[Given entries]
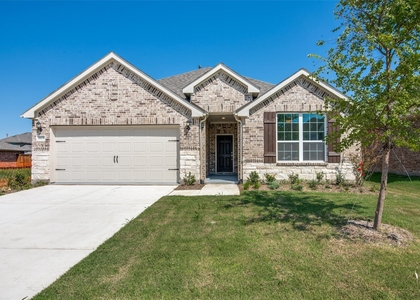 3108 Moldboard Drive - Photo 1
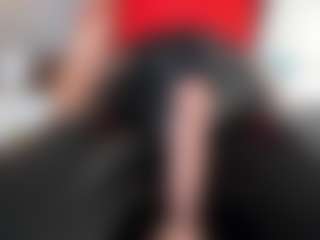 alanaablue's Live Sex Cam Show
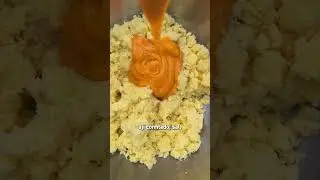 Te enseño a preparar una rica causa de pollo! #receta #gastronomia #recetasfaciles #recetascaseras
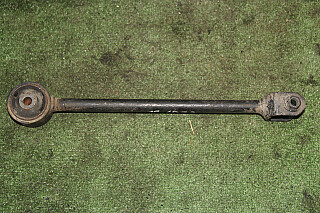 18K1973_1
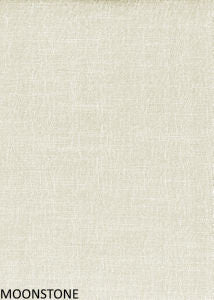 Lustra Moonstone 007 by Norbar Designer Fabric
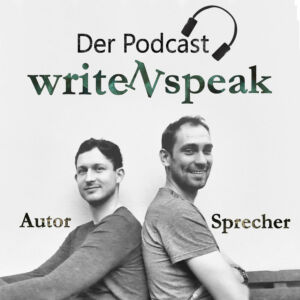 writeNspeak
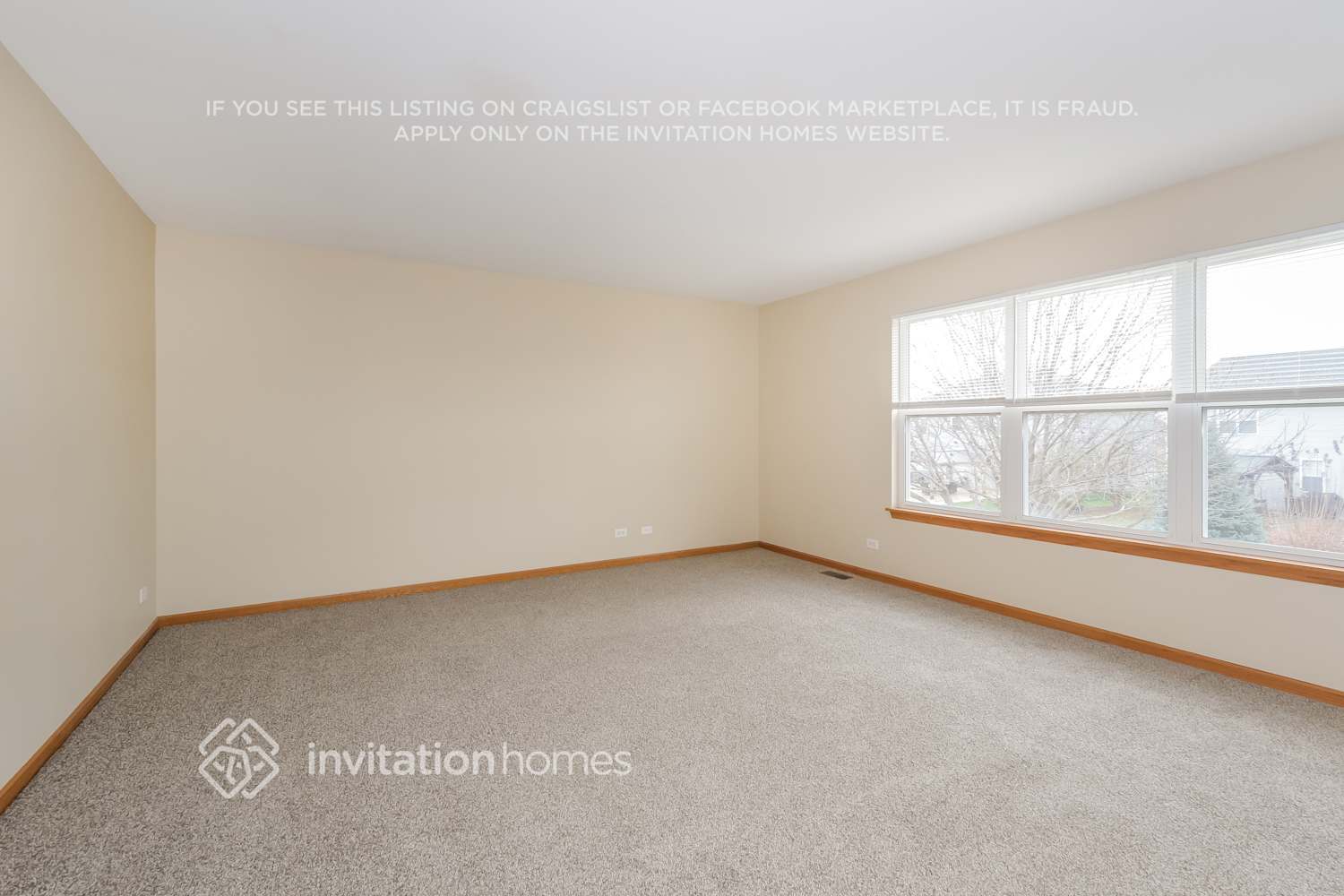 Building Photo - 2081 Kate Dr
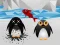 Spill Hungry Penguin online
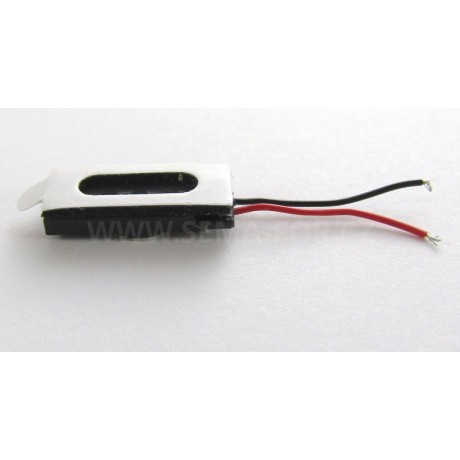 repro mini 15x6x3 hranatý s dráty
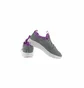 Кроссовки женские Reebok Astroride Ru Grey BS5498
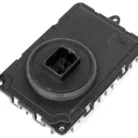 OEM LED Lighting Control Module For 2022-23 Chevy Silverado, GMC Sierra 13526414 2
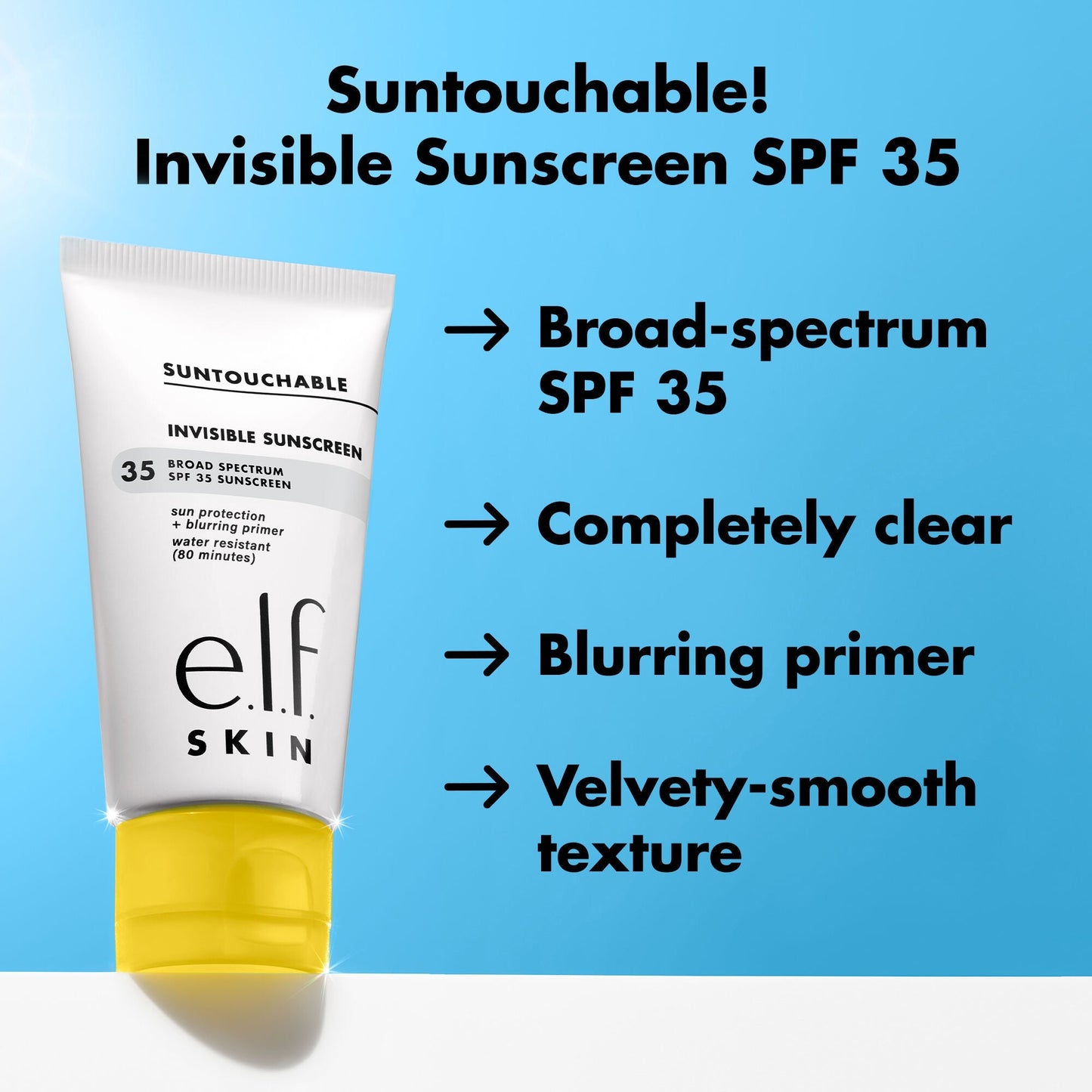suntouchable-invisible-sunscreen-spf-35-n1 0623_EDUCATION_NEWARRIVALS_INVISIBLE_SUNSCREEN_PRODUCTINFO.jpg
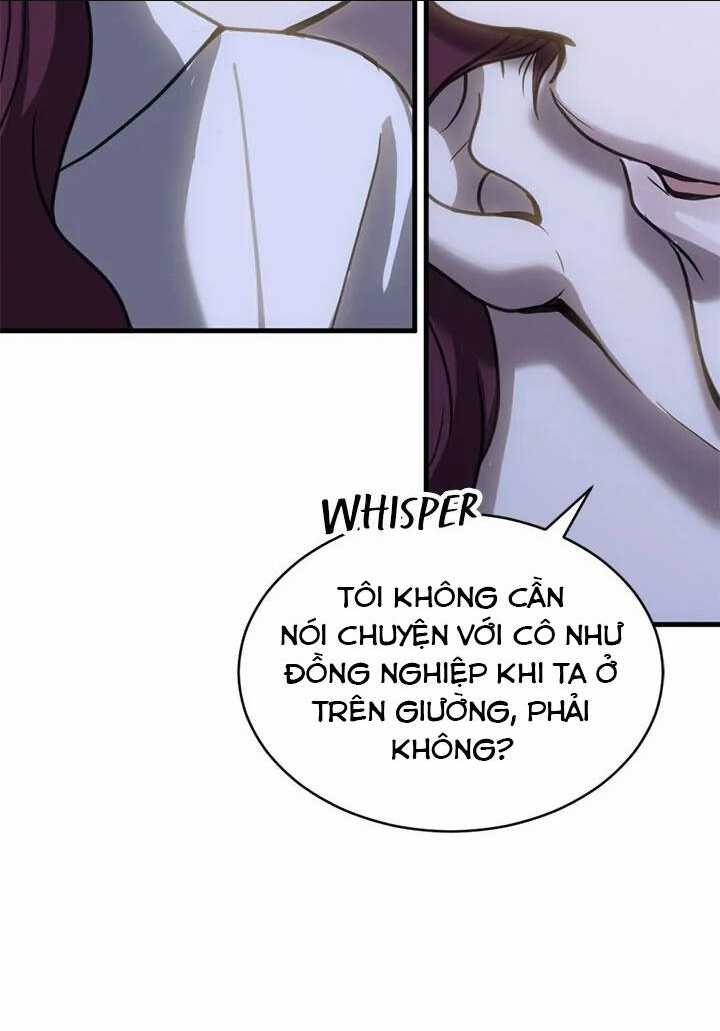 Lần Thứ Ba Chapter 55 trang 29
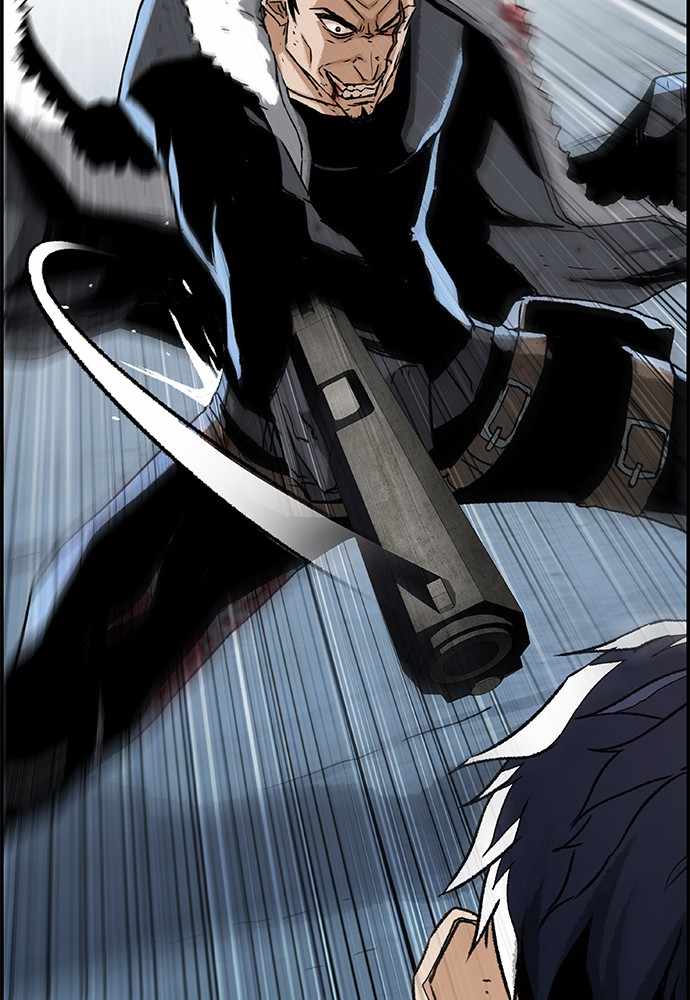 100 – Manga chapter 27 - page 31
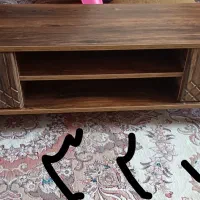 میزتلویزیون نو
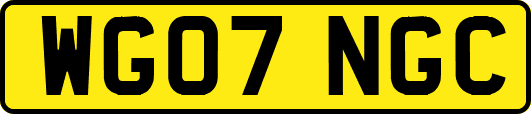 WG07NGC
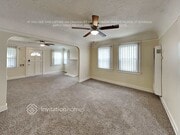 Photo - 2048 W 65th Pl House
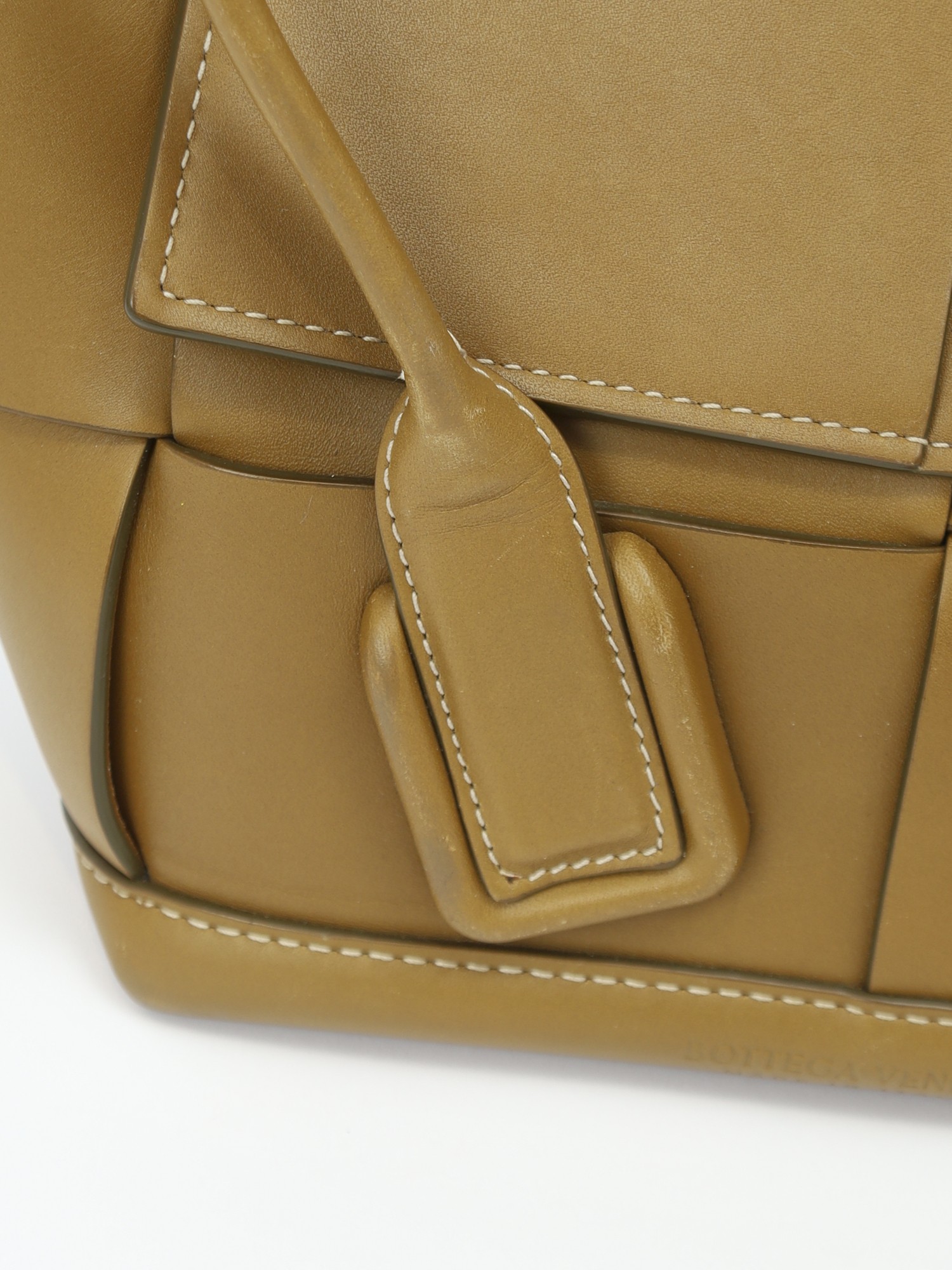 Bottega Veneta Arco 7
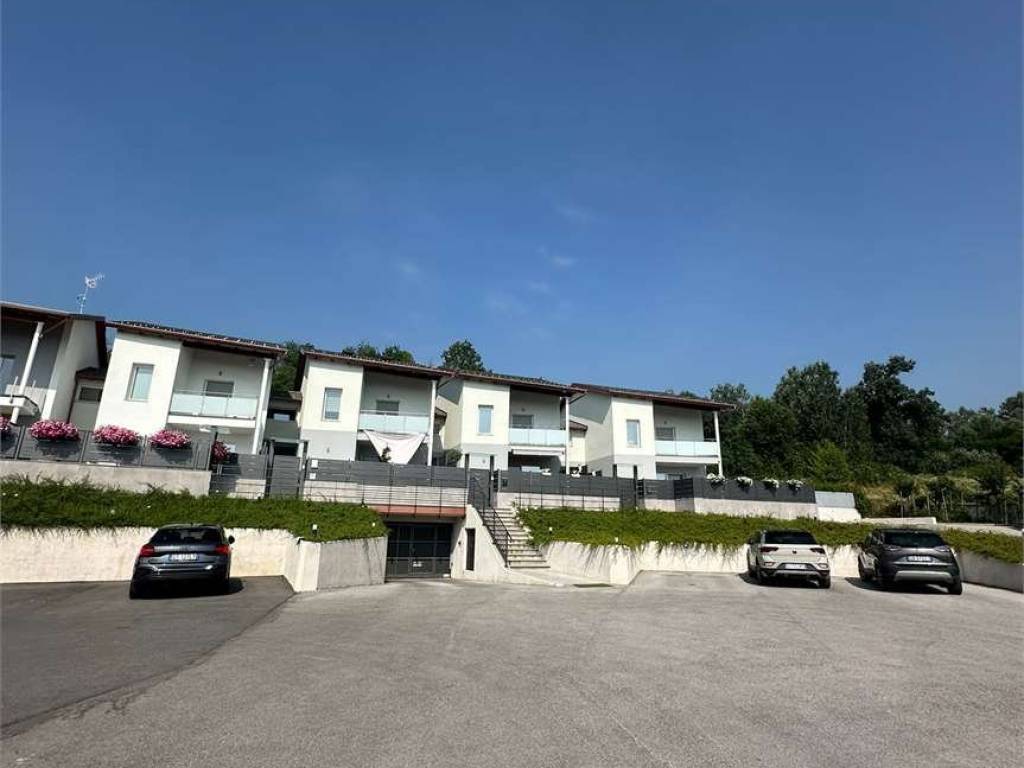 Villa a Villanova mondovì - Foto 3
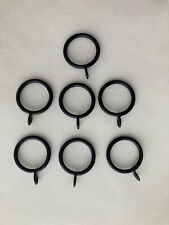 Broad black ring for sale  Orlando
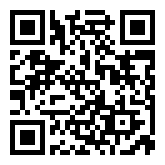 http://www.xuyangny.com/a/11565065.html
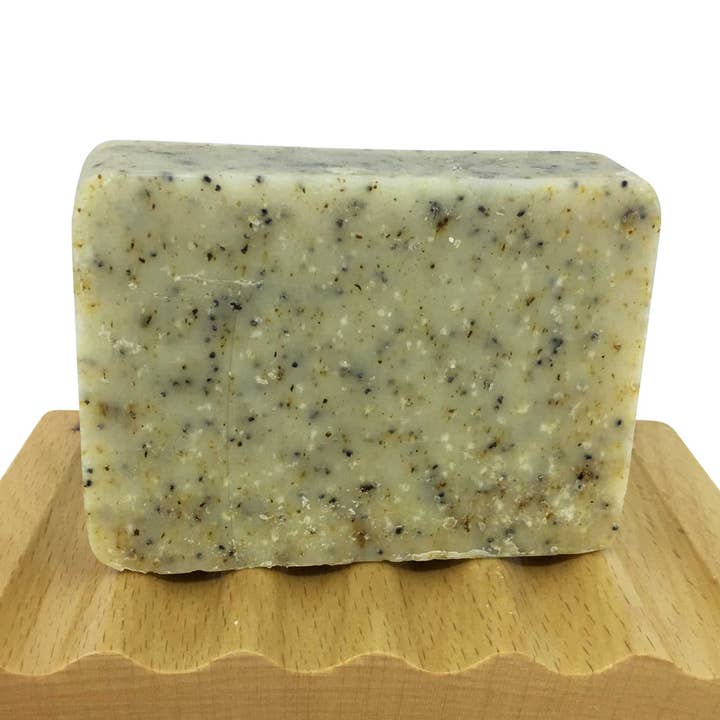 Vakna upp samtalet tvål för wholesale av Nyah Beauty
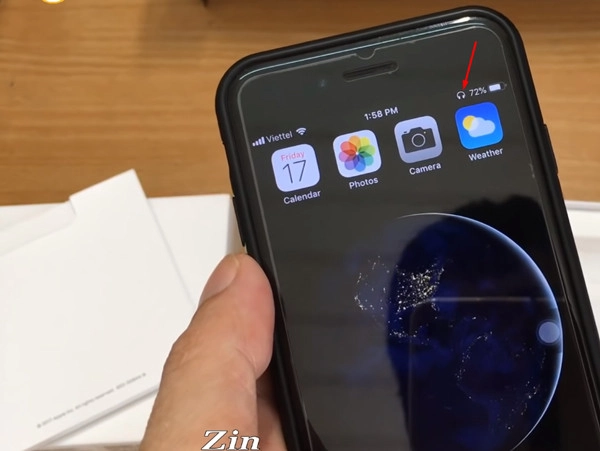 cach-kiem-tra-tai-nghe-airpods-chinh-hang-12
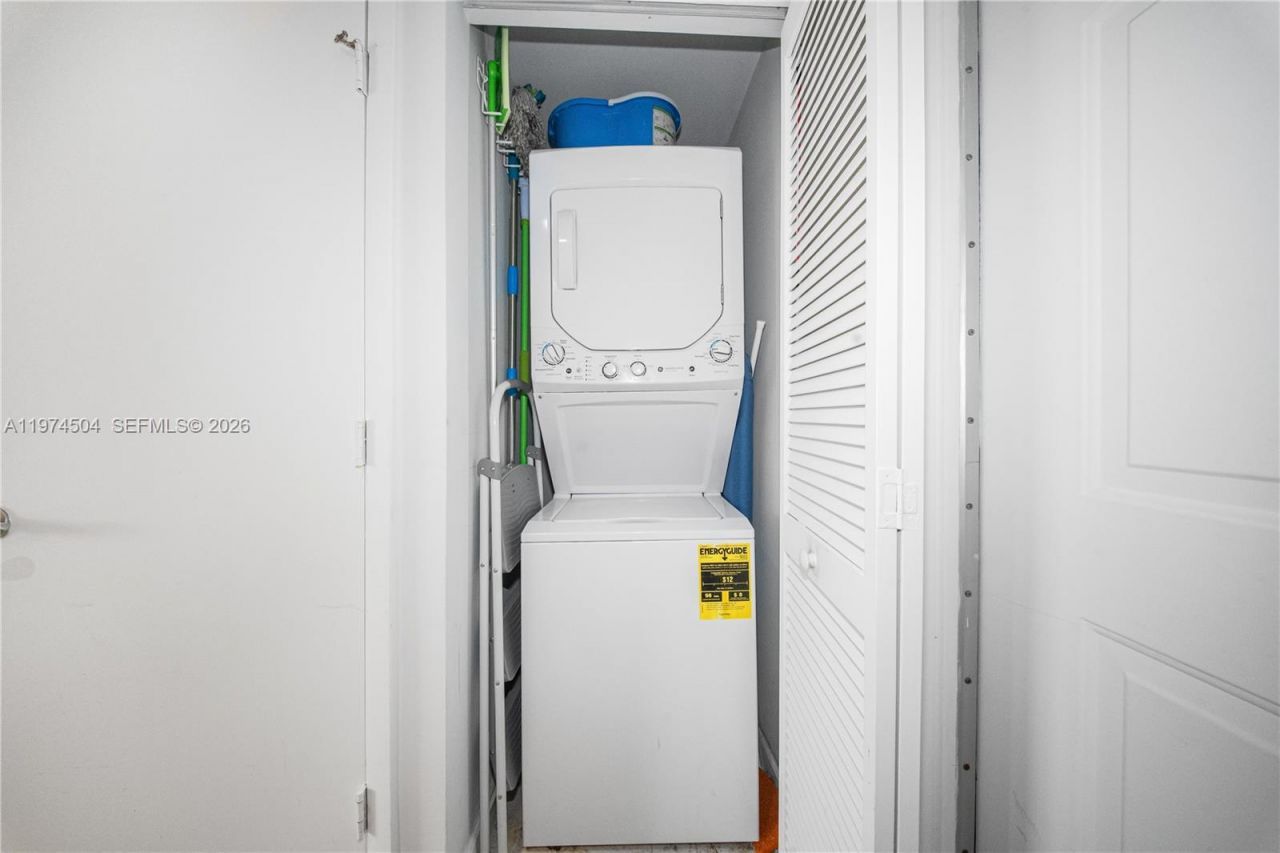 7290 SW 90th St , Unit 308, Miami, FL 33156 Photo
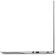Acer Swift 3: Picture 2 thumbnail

[What you should do]
From the first line of the entries down to the line with "100 – Manga chapter 27 - page 31", print each line exactly; omit any picture.

[Answer to this problem]
 3108 Moldboard Drive - Photo 1
 alanaablue's Live Sex Cam Show
 Te enseño a preparar una rica causa de pollo! #receta #gastronomia #recetasfaciles #recetascaseras
 18K1973_1
 Lustra Moonstone 007 by Norbar Designer Fabric
 writeNspeak
 Building Photo - 2081 Kate Dr
 Spill Hungry Penguin online
 repro mini 15x6x3 hranatý s dráty
 Кроссовки женские Reebok Astroride Ru Grey BS5498
 OEM LED Lighting Control Module For 2022-23 Chevy Silverado, GMC Sierra 13526414 2
suntouchable-invisible-sunscreen-spf-35-n1 0623_EDUCATION_NEWARRIVALS_INVISIBLE_SUNSCREEN_PRODUCTINFO.jpg
 Lần Thứ Ba Chapter 55 trang 29
 100 – Manga chapter 27 - page 31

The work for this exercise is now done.